Essay

A Failure of Intelligence

  • Wednesday, November 1, 2006
  • By Freeman Dyson

Prominent physicist Freeman Dyson recalls the time he spent developing analytical methods to help the British Royal Air Force bomb German targets during World War II.

   

I began work in the Operational Research Section (ORS) of the British Royal Air Force's Bomber Command on July 25, 1943. I was 19 years old, fresh from an abbreviated two years as a student at the University of Cambridge. The headquarters of Bomber Command was a substantial set of red brick buildings, hidden in the middle of a forest on top of a hill in the English county of Buckinghamshire. The main buildings had been built before the War. The ORS was added in 1941 and was housed in a collection of trailers at the back. Trees were growing right up to our windows, so we had little daylight even in summer. The Germans must have known where we were, but their planes never came to disturb us.
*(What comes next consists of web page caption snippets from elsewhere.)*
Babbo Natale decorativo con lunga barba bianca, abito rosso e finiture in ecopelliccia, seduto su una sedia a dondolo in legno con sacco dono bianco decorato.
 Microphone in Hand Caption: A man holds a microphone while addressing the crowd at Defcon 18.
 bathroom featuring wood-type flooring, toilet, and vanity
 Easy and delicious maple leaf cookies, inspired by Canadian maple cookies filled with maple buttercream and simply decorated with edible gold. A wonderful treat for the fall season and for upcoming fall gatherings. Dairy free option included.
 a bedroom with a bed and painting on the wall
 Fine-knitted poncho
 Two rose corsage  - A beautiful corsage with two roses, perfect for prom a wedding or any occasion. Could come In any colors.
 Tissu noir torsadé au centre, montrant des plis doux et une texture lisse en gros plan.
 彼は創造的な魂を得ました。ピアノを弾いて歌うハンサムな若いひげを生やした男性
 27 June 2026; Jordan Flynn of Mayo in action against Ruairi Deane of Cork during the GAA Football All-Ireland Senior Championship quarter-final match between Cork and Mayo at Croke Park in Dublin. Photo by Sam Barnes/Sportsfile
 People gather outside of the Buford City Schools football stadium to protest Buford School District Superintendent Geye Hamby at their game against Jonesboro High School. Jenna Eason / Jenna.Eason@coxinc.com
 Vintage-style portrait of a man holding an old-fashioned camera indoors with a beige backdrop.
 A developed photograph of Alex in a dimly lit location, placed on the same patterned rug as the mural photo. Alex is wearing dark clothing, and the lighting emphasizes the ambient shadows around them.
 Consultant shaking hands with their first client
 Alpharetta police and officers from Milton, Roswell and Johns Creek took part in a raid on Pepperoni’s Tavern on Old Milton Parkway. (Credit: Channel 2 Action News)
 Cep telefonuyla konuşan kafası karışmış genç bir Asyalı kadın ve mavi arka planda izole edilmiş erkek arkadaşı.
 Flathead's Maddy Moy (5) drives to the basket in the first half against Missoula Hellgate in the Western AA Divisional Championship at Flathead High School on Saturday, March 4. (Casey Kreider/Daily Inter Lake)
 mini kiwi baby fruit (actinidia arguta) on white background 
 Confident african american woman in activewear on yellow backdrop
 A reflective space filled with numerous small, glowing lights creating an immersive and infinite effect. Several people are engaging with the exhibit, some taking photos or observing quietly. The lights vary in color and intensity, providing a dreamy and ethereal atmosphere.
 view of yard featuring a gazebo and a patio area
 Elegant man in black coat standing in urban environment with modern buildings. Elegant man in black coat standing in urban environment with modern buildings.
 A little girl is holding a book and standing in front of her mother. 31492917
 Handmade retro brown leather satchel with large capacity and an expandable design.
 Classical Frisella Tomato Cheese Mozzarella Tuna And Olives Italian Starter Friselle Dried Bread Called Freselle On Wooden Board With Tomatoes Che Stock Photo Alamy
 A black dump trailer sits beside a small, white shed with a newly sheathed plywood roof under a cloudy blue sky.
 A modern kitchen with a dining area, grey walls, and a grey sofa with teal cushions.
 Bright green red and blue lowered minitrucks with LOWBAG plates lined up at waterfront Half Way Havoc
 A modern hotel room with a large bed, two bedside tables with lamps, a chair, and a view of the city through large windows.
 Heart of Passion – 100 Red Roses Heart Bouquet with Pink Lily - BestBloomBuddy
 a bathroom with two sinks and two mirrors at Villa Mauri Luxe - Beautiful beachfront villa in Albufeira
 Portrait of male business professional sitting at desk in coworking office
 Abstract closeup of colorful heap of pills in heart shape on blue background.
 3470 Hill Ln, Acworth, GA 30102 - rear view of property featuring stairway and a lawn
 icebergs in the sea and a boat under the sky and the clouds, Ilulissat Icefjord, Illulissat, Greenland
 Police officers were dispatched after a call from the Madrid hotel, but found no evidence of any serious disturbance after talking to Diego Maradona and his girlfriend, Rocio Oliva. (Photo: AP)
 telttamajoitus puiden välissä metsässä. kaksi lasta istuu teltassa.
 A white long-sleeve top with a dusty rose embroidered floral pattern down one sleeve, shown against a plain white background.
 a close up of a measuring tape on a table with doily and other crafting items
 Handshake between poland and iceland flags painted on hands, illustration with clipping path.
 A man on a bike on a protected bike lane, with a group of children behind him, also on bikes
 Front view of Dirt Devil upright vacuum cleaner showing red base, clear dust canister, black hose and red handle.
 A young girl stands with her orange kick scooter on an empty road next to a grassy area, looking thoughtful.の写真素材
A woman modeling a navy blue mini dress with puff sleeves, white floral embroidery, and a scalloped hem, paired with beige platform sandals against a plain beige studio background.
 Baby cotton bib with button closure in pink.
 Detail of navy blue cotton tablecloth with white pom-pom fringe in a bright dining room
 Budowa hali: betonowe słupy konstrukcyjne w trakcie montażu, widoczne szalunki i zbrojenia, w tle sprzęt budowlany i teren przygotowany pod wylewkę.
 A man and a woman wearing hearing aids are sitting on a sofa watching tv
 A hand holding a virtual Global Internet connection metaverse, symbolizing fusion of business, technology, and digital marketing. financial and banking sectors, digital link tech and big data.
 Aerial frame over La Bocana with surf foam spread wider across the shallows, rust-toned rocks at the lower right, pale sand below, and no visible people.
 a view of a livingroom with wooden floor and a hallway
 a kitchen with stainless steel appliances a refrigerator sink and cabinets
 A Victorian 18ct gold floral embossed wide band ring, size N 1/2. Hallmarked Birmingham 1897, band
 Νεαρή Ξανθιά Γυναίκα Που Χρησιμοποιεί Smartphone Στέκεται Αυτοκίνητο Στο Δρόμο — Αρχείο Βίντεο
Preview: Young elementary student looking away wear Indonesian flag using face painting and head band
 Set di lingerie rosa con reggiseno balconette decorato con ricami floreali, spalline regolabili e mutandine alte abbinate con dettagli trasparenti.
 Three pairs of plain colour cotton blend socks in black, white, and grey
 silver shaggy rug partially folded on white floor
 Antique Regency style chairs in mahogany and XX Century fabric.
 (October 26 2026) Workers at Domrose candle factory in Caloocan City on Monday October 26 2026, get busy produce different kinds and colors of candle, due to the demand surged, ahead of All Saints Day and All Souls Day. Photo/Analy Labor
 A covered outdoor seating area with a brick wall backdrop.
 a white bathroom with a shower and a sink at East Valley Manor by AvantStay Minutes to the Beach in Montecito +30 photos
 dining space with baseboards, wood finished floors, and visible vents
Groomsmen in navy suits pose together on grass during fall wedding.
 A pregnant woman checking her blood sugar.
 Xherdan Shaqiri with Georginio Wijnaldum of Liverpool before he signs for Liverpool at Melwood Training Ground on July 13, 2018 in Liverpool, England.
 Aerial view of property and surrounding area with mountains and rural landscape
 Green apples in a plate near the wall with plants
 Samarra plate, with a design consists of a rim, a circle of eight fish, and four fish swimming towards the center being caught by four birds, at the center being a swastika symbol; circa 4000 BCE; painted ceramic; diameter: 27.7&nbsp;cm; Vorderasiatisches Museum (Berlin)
I was billeted in the home of the Parsons family in the village of Hughenden. Mrs. Parsons was a motherly soul and took good care of me. Once a week, she put her round tin bathtub out on her kitchen floor and filled it with hot water for my weekly splash. Each morning I bicycled the five miles up the hill to Bomber Command, and each evening I came coasting down. Sometimes, as I was struggling up the hill, an air force limousine would zoom by, and I would have a quick glimpse of our commander in chief, Sir Arthur Harris, sitting in the back, on his way to give the orders that sent thousands of boys my age to their deaths. Every day, depending on the weather and the readiness of the bombers, he would decide whether to send their crews out that night or let them rest. Every day, he chose the targets for the night.